## Task
In your copy of the data, keep every word exact and include no pictures.

## Data excerpt
☆ ☆ ☆

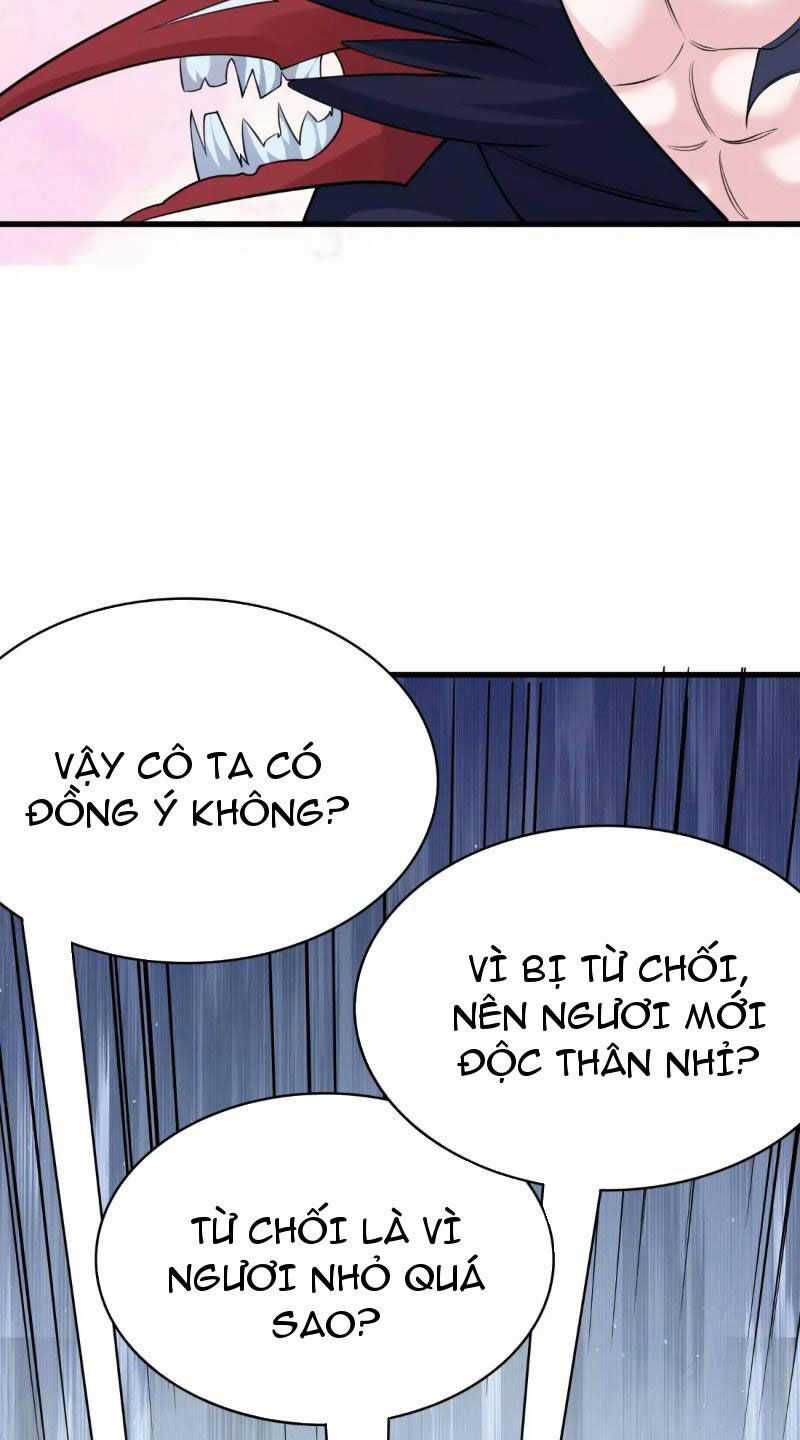 Ta Vô Địch Từ Ăn Chực Chapter 27 trang 28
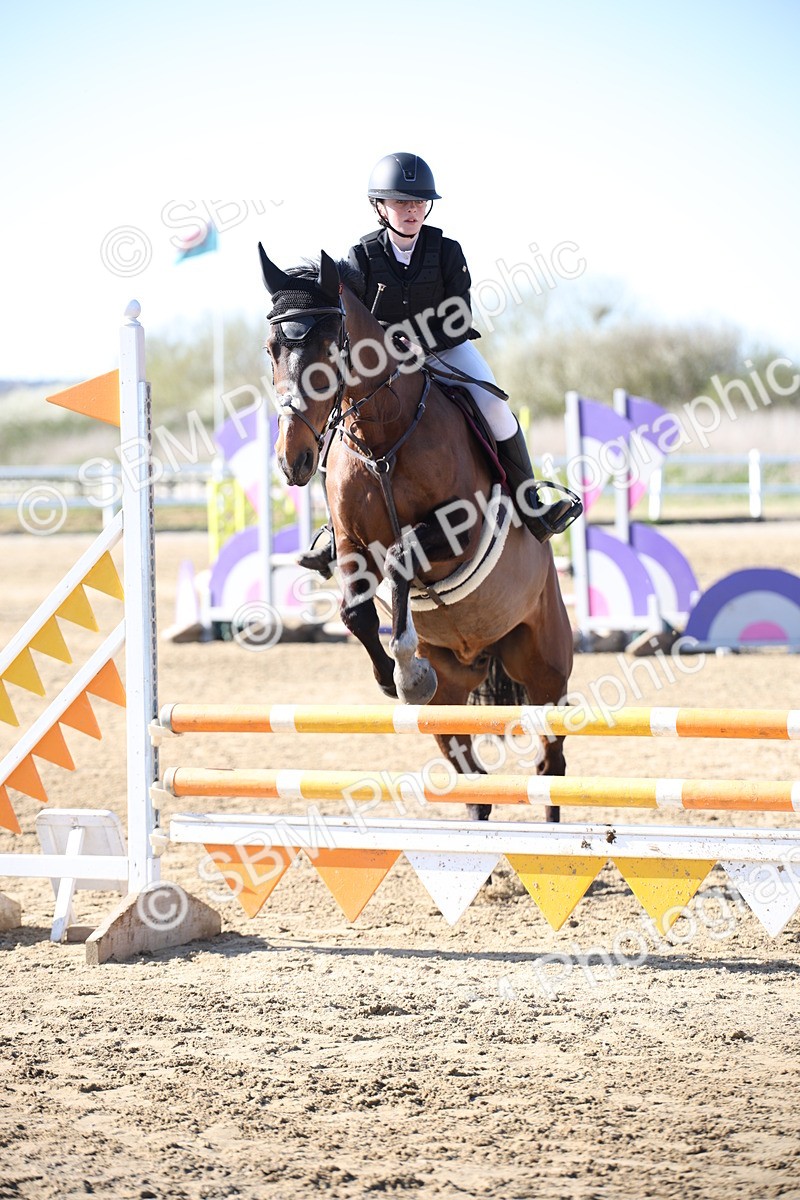 5K7A0003 - Class 5 - 80cm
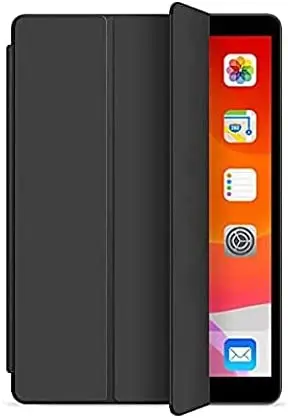 

Amazing Apple Folding "Amazing 10.2 Inch Apple iPad 2021 9th Gen Foldable Tablet with Sleep/Wake Function – The Newest Innovat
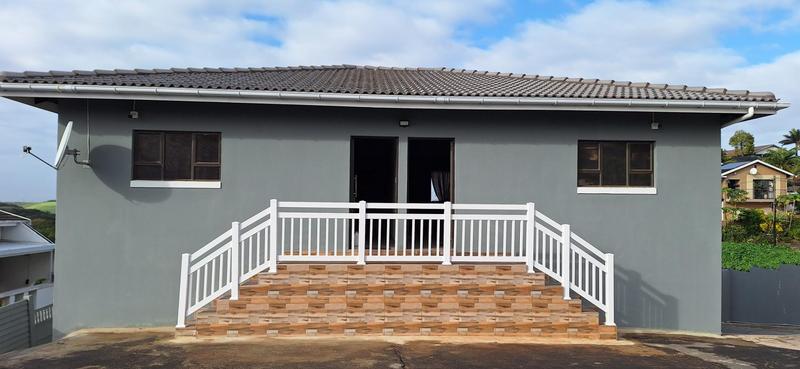 To Let 2 Bedroom Property for Rent in Craigieburn KwaZulu-Natal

☆ ☆ ☆

## Written answer
 Ta Vô Địch Từ Ăn Chực Chapter 27 trang 28
 5K7A0003 - Class 5 - 80cm

Amazing Apple Folding "Amazing 10.2 Inch Apple iPad 2021 9th Gen Foldable Tablet with Sleep/Wake Function – The Newest Innovat
 To Let 2 Bedroom Property for Rent in Craigieburn KwaZulu-Natal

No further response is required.